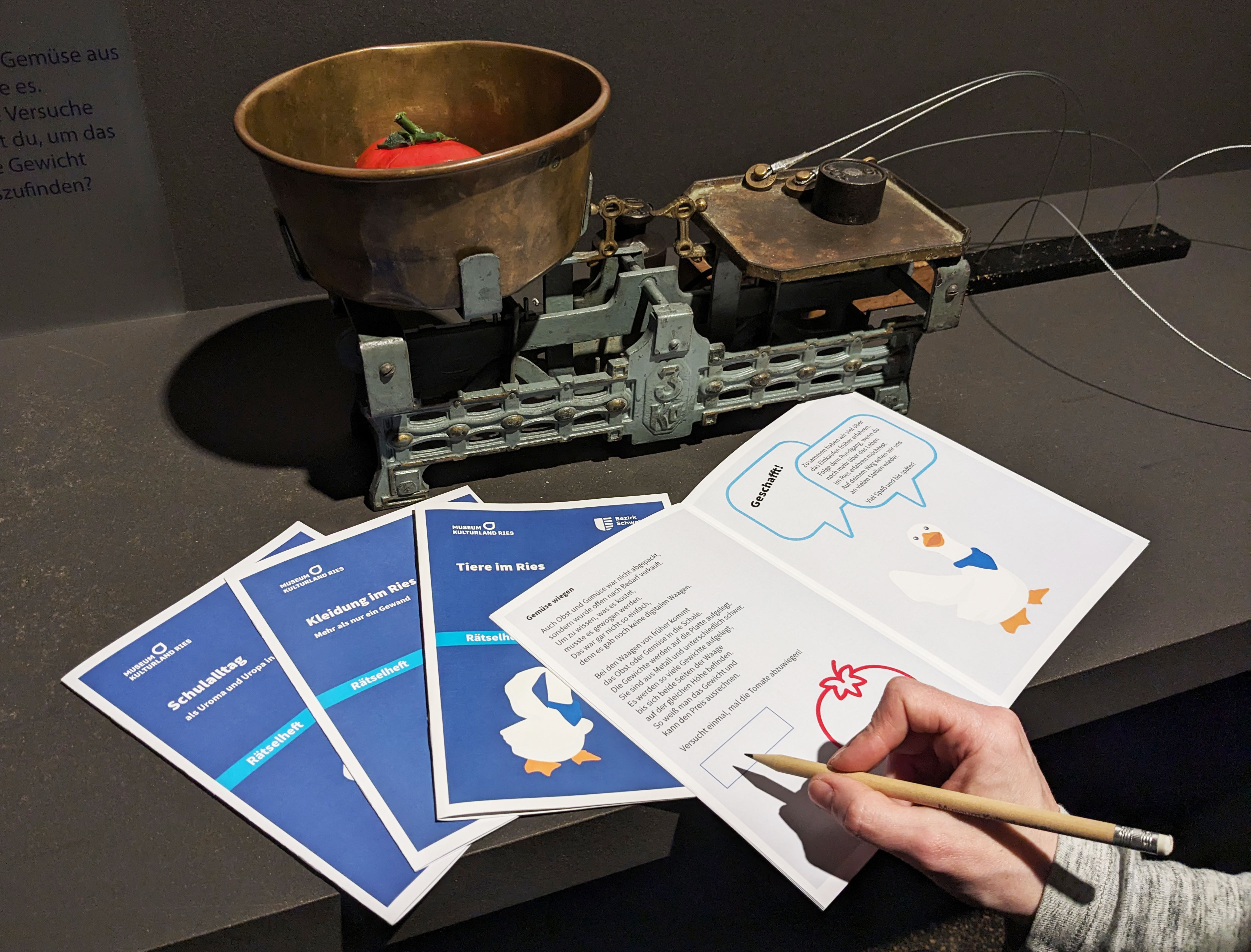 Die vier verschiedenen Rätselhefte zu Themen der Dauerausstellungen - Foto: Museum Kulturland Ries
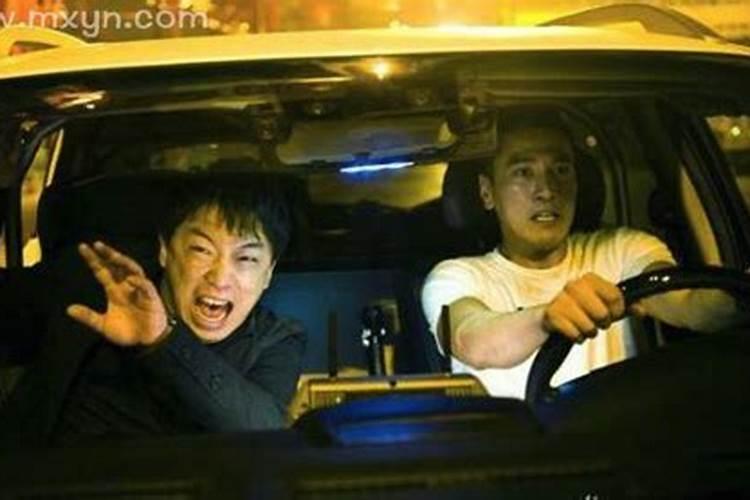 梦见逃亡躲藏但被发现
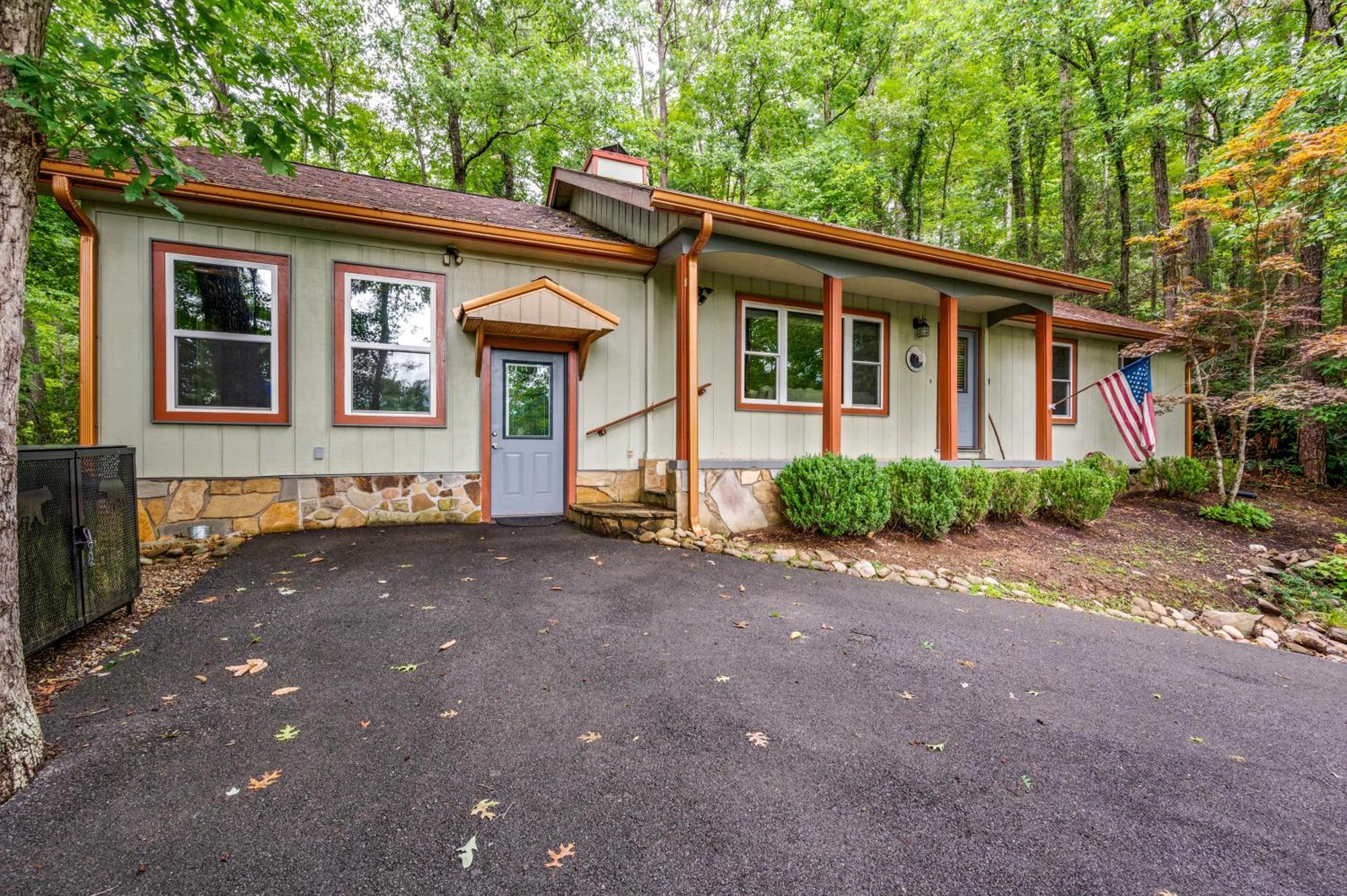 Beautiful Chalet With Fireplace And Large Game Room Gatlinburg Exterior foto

--

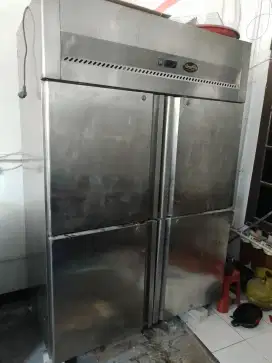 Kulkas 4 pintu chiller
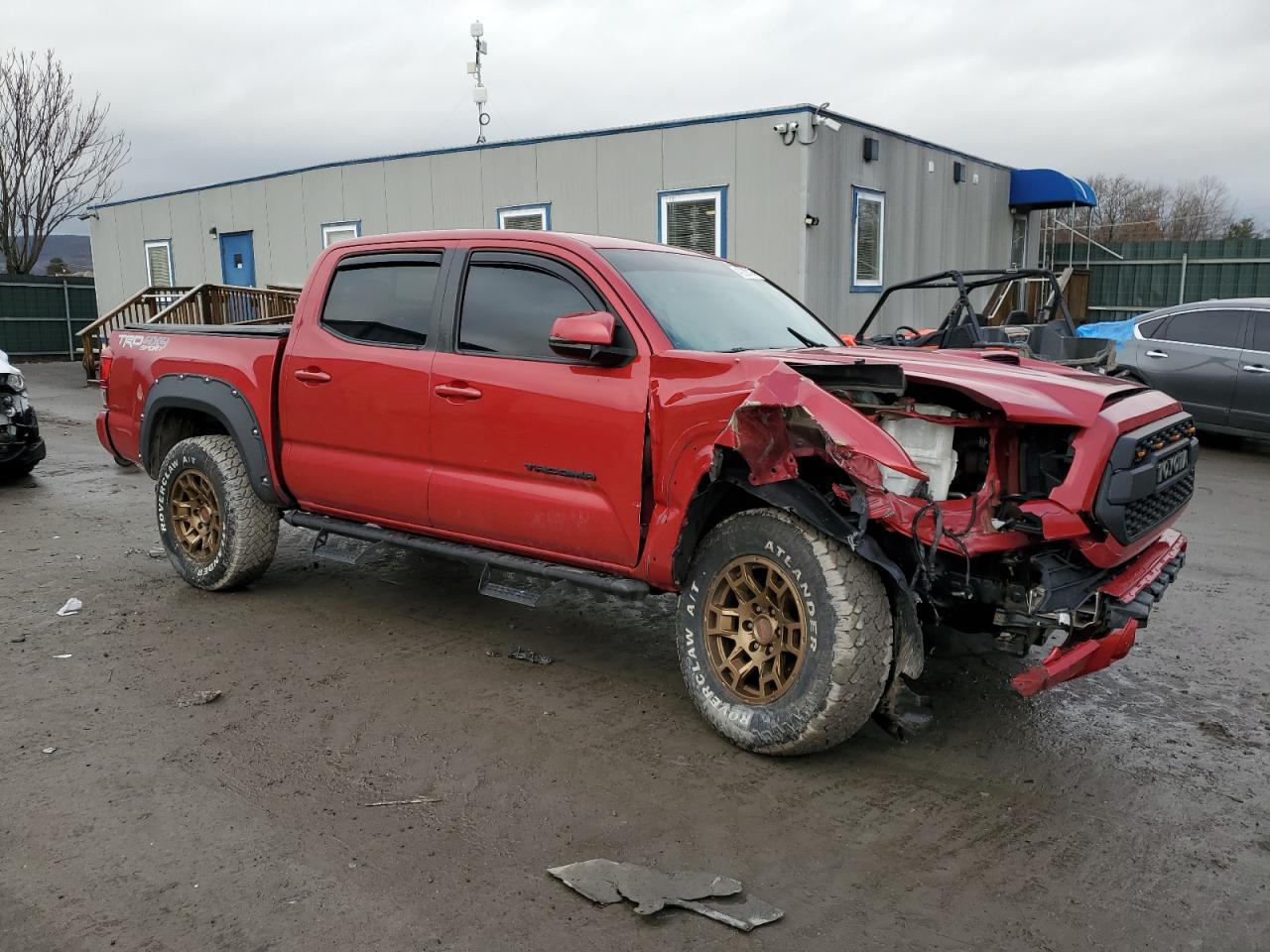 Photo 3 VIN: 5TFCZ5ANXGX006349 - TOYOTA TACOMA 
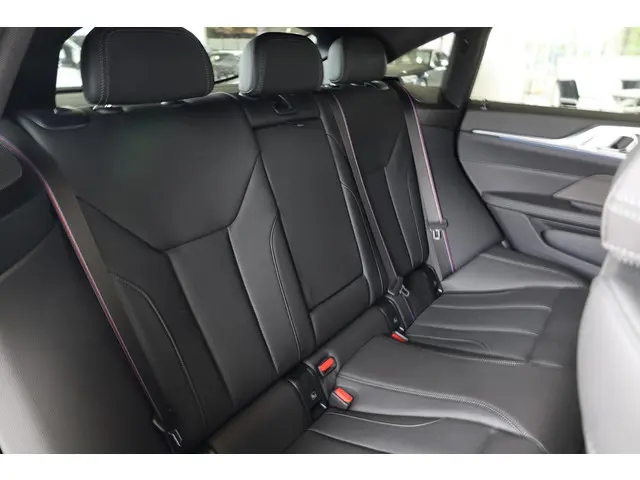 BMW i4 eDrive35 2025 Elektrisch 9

**How to complete this task**
Beginning with the line that contains "Die vier verschiedenen", write out the lines of the material above exactly, and end with the line that contains "Beautiful Chalet With". Omit the pictures.

**Solution to the exercise**
 Die vier verschiedenen Rätselhefte zu Themen der Dauerausstellungen - Foto: Museum Kulturland Ries
 梦见逃亡躲藏但被发现
 Beautiful Chalet With Fireplace And Large Game Room Gatlinburg Exterior foto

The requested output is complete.